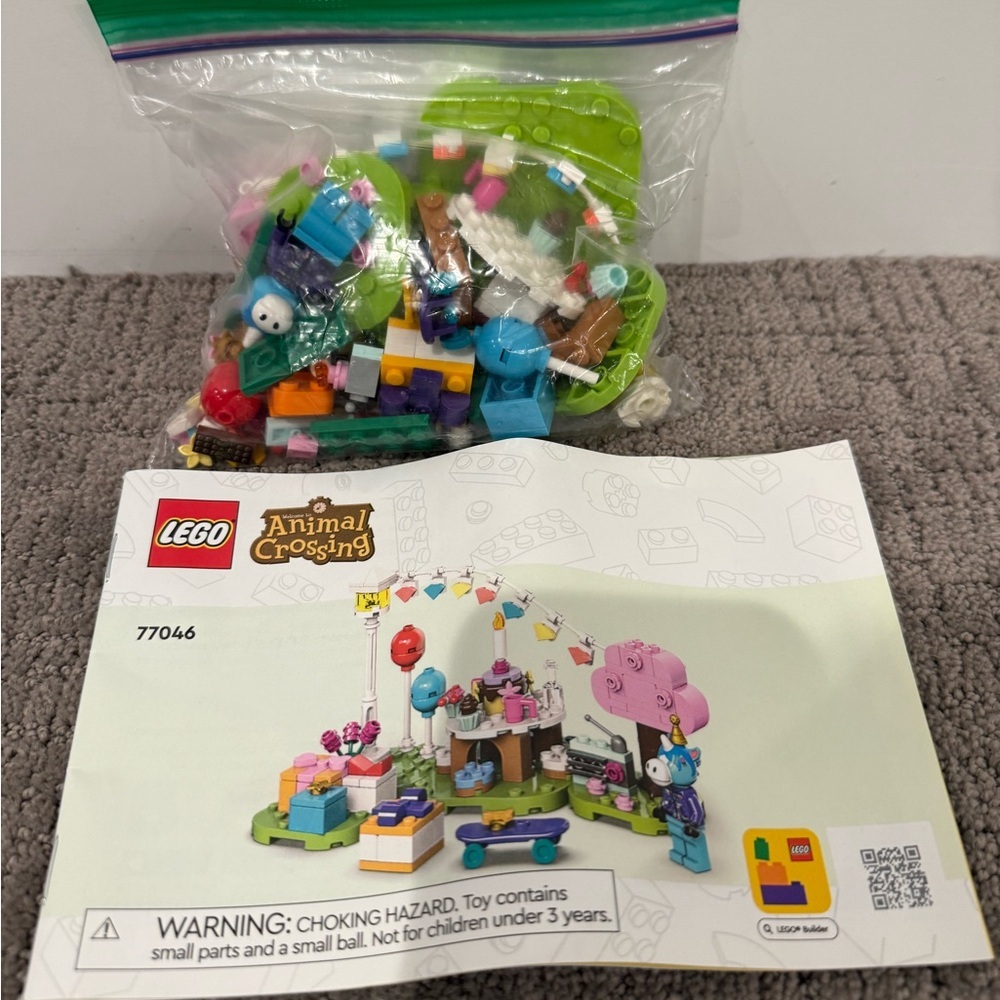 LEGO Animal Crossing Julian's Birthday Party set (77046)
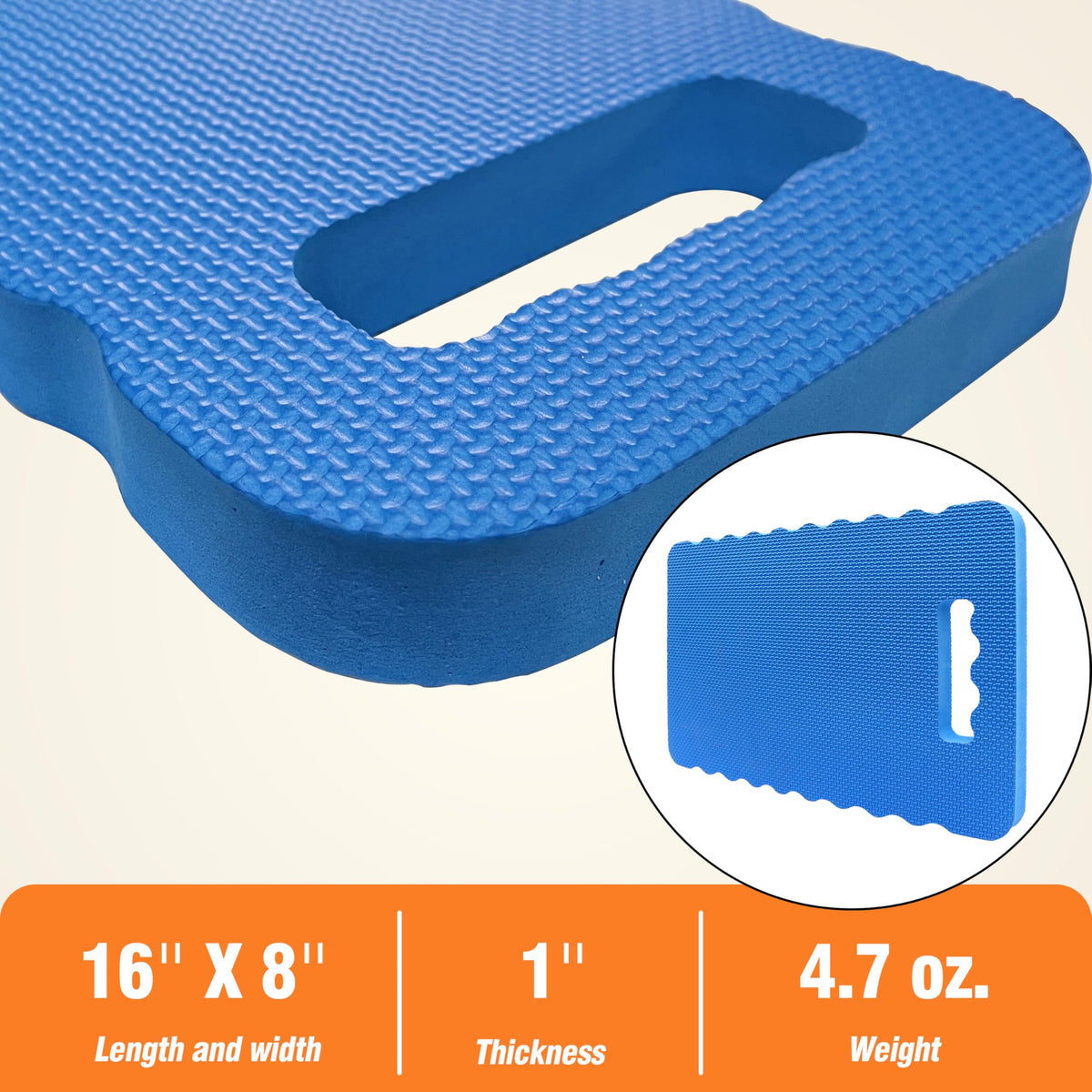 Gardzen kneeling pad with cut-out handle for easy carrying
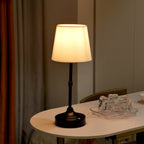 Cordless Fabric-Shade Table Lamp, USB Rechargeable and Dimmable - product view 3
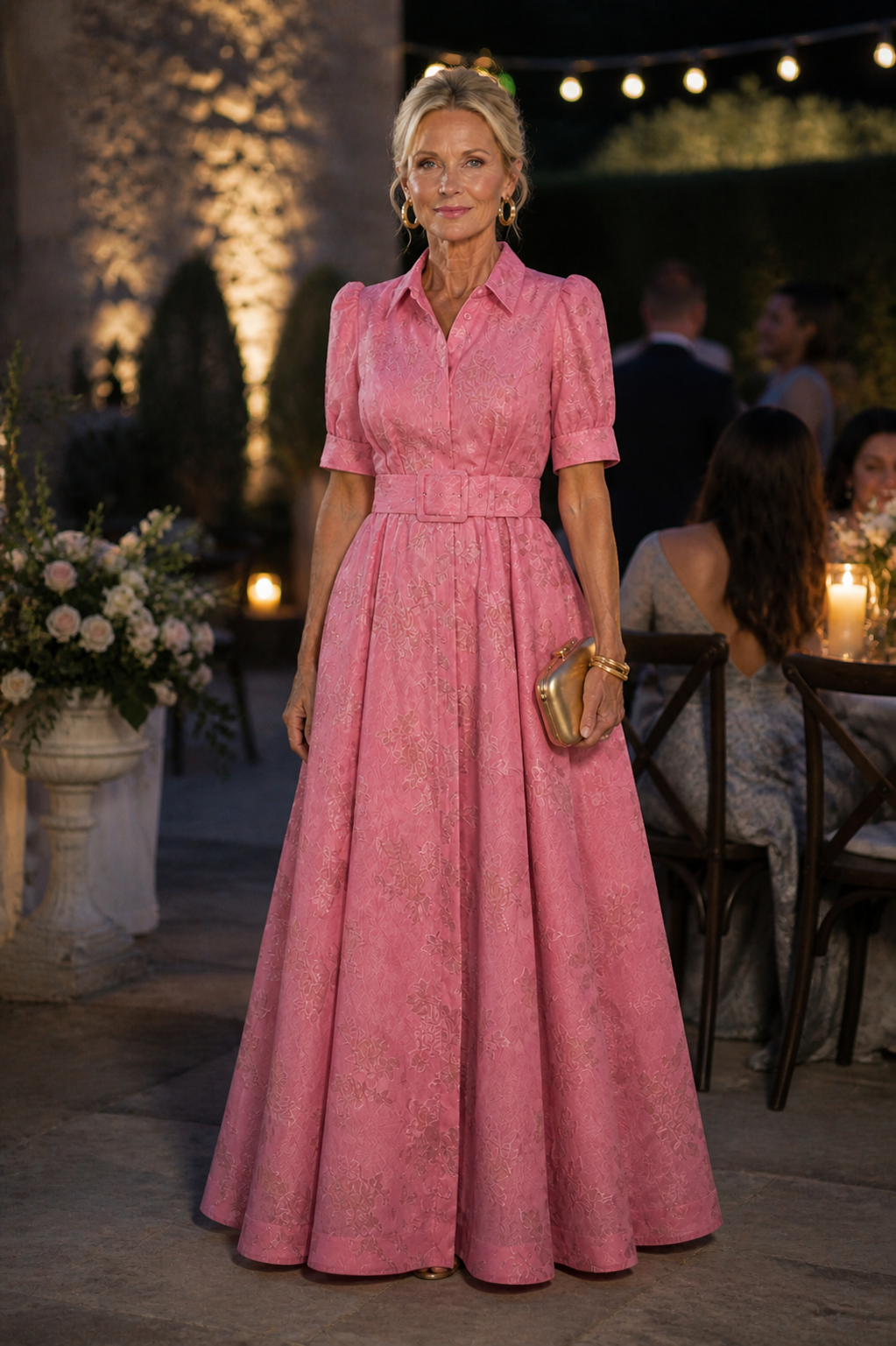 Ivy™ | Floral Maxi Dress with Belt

= = = = = = =

[What the exercise asks]
Your answer must be an exact copy of the lines above, from the line that contains "Cordless Fabric-Shade Table" through the final line, with no pictures in it.

[Solution to the problem]
 Cordless Fabric-Shade Table Lamp, USB Rechargeable and Dimmable - product view 3
 Ivy™ | Floral Maxi Dress with Belt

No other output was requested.